Anthony Denness

Personal information
- Full name: Anthony Charles Denness
- Born: 23 September 1936 Hampton, Middlesex, England
- Died: 15 May 2008 (aged 71) Grainville, Eure, France
- Batting: Right-handed
- Bowling: Right-arm fast-medium

Domestic team information
- 1961–1971: Berkshire

Career statistics
| Competition | LA |
| Matches | 3 |
| Runs scored | 35 |
| Batting average | 17.50 |
| 100s/50s | –/ – |
| Top score | 18 |
| Balls bowled | 216 |
| Wickets | 7 |
| Bowling average | 15.28 |
| 5 wickets in innings | – |
| 10 wickets in match | – |
| Best bowling | 4/56 |
| Catches/stumpings | 1/ – |
- Source: Cricinfo, 31 May 2010

= Anthony Denness =

English cricketer

Anthony Charles Denness (23 September 1936 – 15 May 2008) was an English cricketer. Denness was a right-handed batsman who bowled right-arm fast-medium.
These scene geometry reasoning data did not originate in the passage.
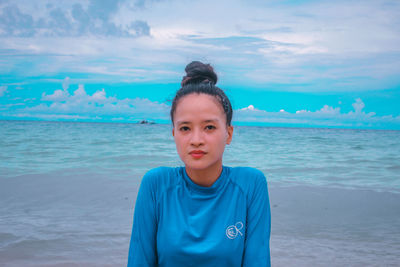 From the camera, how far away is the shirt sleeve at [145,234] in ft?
6.11

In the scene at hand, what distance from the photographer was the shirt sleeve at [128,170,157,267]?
73.4 inches

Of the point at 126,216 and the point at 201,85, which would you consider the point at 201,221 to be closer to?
the point at 201,85

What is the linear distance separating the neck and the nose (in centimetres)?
16

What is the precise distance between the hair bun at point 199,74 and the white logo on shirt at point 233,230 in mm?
782

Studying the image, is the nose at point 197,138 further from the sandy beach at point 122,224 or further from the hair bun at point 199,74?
the sandy beach at point 122,224

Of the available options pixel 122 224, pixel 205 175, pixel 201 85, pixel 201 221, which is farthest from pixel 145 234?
pixel 122 224

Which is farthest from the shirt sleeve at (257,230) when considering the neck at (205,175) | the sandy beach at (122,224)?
the sandy beach at (122,224)

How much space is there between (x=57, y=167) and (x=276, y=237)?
7.16m

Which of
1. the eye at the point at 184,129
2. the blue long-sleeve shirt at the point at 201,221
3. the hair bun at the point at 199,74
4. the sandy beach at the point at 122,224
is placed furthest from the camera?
the sandy beach at the point at 122,224

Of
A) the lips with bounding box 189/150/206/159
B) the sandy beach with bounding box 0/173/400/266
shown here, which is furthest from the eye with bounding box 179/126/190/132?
the sandy beach with bounding box 0/173/400/266

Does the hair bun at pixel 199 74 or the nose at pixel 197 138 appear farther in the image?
the hair bun at pixel 199 74

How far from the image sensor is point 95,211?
18.4 ft

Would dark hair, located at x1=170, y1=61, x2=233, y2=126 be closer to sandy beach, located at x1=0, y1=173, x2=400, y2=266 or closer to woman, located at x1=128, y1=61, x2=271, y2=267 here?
woman, located at x1=128, y1=61, x2=271, y2=267

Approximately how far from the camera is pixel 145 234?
1.87 metres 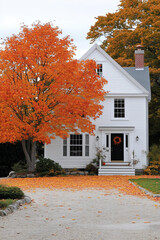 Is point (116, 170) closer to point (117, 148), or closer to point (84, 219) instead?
point (117, 148)

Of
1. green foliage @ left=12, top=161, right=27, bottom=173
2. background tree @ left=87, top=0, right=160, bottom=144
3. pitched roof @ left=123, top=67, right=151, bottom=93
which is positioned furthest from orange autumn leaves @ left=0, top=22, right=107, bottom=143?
background tree @ left=87, top=0, right=160, bottom=144

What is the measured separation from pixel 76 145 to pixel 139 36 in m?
11.2

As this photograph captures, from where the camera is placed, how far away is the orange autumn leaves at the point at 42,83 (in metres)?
21.8

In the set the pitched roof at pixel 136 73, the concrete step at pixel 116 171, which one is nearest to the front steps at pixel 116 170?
the concrete step at pixel 116 171

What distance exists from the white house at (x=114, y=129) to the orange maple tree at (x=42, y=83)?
3368 millimetres

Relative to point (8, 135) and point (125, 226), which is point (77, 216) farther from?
point (8, 135)

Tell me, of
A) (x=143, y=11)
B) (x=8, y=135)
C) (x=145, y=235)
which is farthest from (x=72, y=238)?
(x=143, y=11)

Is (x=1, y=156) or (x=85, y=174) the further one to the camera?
(x=1, y=156)

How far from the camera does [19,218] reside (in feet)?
29.5

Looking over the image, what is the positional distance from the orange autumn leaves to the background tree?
8.85 metres

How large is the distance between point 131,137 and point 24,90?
28.4ft

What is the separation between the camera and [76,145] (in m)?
26.4

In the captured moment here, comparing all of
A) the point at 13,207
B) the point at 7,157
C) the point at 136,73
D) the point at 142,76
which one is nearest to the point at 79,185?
the point at 13,207

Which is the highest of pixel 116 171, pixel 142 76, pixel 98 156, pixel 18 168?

In 1961, Denness made his debut for Berkshire in the 1961 Minor Counties Championship against Oxfordshire. From 1961 to 1971, Denness played 65 Minor County matches for Dorset, with his final match for the county coming against Devon in the 1971 Minor Counties Championship.

Denness made his List-A debut for Berkshire against Somerset in the 1st round of the 1965 Gillette Cup. Denness played 2 further one-day matches for the county, against Hertfordshire in the 1st round of the 1966 Gillette Cup and Gloucestershire in the 2nd round of the same tournament. During the match against Gloucestershire, he took his career best one-day figures of 4/56.

In his 3 List-A matches for the county he scored 35 runs at a batting average of 17.50 and took 7 wickets at a bowling average of 15.28.